TensorRT-LLM Overview

TensorRT-LLM is a library for optimizing Large Language Model (LLM) inference. It provides state-of-the-art optimizations, including custom attention kernels, inflight batching, paged KV caching, quantization (FP8, INT4 AWQ, INT8 SmoothQuant, ++) and much more, to perform inference efficiently on NVIDIA GPUs

TensorRT-LLM provides a Python API to build LLMs into optimized TensorRT engines. It contains runtimes in Python (bindings) and C++ to execute those TensorRT engines. It also includes a backend for integration with the NVIDIA Triton Inference Server. Models built with TensorRT-LLM can be executed on a wide range of configurations from a single GPU to multiple nodes with multiple GPUs (using Tensor Parallelism and/or Pipeline Parallelism).

TensorRT-LLM comes with several popular models pre-defined.
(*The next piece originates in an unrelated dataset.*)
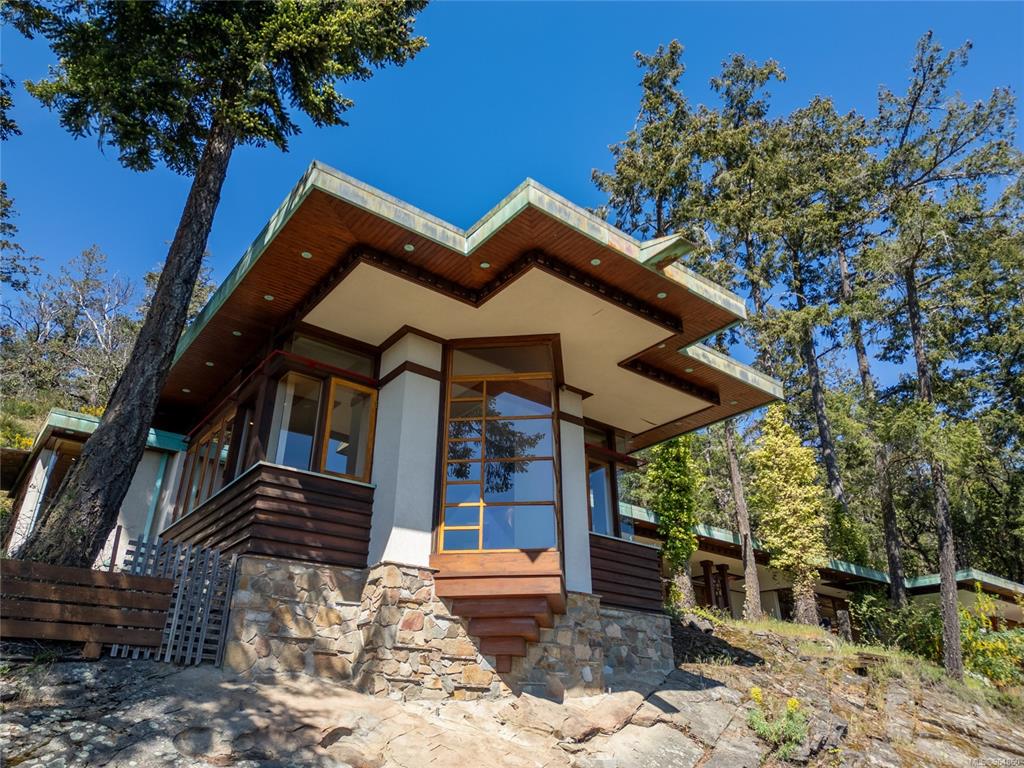 Third View of 3326 Port Washington Rd, Pender Island, BC, V0N 2M1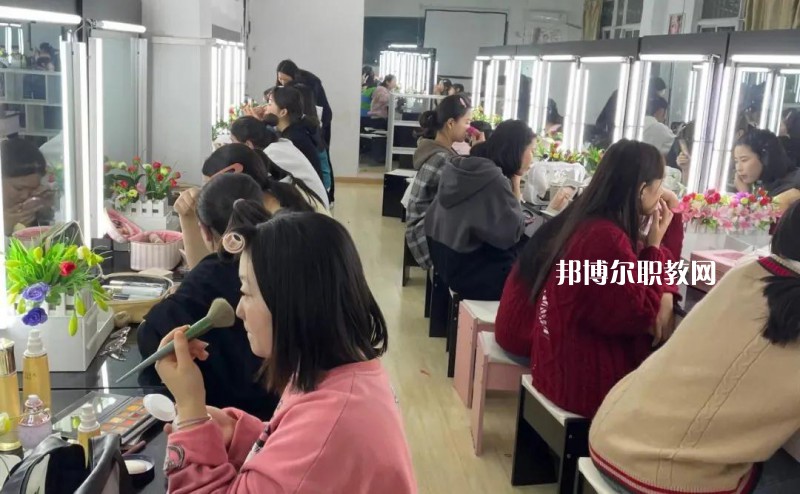 南京工業(yè)科技技工學校地址在哪里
They can easily be modified and extended to fit custom needs via a PyTorch-like Python API. Refer to the Support Matrix for a list of supported models.

TensorRT-LLM is built on top of the TensorRT Deep Learning Inference library. It leverages much of TensorRT's deep learning optimizations and adds LLM-specific optimizations on top, as described above. TensorRT is an ahead-of-time compiler; it builds "Engines" which are optimized representations of the compiled model containing the entire execution graph. These engines are optimized for a specific GPU architecture, and can be validated, benchmarked, and serialized for later deployment in a production environment.